Add support for strided tensors #494

protonu · 2018-06-07T22:12:21Z

This commit is to start support for strided tensors. I made changes
to percolate a vector in TensorInfo down to emitCudaKernel to allow
codegen to cast strided tensors. This required changes to an unit test
to expect the correct cast.

ftynse

please do not commit spurious files (tags and .swp)

nicolasvasilache

I don't understand the point about passing possibly empty information which is default initialized to empty.
Simply passing the actual values everywhere should be enough.

codegen is called (without TensorInfo) from a number of unit tests. I can either either remove the default argument, or change the unit tests. Please let me know what you think.

This commit is to start support for strided tensors. I made changes to percolate a vector in TensorInfo down to emitCudaKernel to allow codegen to cast strided tensors. This required changes to an unit test to expect the correct cast.

nicolasvasilache · 2018-06-08T17:03:08Z

After looking a bit deeper at the impl, I am not a fan of having 2 ways of specifying the strides during codegen (both Halide and TensorInfo) so we should chose 1. Worse, the mechanisms themselves may be incorrect because the name of the generated kernel will not vary with strides but the content of the kernel will be hardcoded for strides.

So I think I would go the following route, but this probably requires a second set of eyes cc @abadams
@ftynse:

since Halide can represent strides, let's use Halide
add new parameters for each stride in translateParam and translateOutput (in tc2halide.cc) and make those the strides of the halide ImageParam and OutputImageParam
update computeParamValueMap in halide_utils.cc to tie the JIT stride information to the halide inputs
update codegen to take input strides into account

This will increase the dimension of the parameter space for ISL, it will also increase the specializedName and the list of values we send to each kernel call.

On the other hand, this will allow us to go to a parametric stride version since strides will be passed to the kernel.

So this is more complex than I originally anticipated for a bootcamp task, sorry about that.

ftynse · 2018-06-09T10:25:45Z

Because Scop already owns the description of in/out tensors (through Halide in/out parameters), it makes sense for it to also own the stride information. It is more consistent than passing this information to codegen with a room for mismatching size or stride errors.

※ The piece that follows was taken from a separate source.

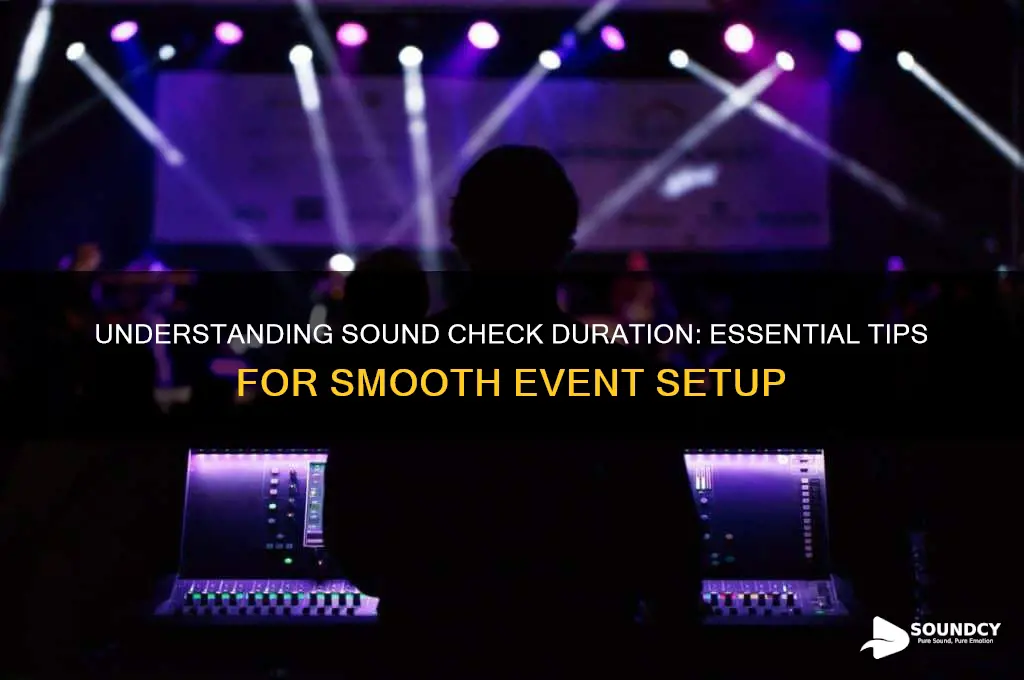 how long is a sound check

This will increase the dimension of the parameter space for ISL, it will also increase the specializedName and the list of values we send to each kernel call.

And we probably need to introduce new parameters due to polynomial strides. That is, for A[N][M][K], the strides are M*K, K, 1 and you cannot express M*K as an affine function. So you need another parameter _M_times_K and some external knowledge that _M_times_K === M * K.

skimo-openhub · 2018-06-12T12:48:52Z

On Fri, Jun 08, 2018 at 10:03:18AM -0700, Nicolas Vasilache wrote: So I think I would go the following route, but this probably requires a second set of eyes cc @abadams @ftynse: 1. since Halide can represent strides, let's use Halide

I don't agree with this reasoning. It's not because we _can_ do something that we necessarily need to do it.

This will increase the dimension of the parameter space for ISL, it will also increase the specializedName and the list of values we send to each kernel call.

Hold on! Why does this need to be encoded as isl parameters? skimo

nicolasvasilache · 2018-06-12T13:51:09Z

I don't agree with this reasoning. It's not because we can do something that we necessarily need to do it.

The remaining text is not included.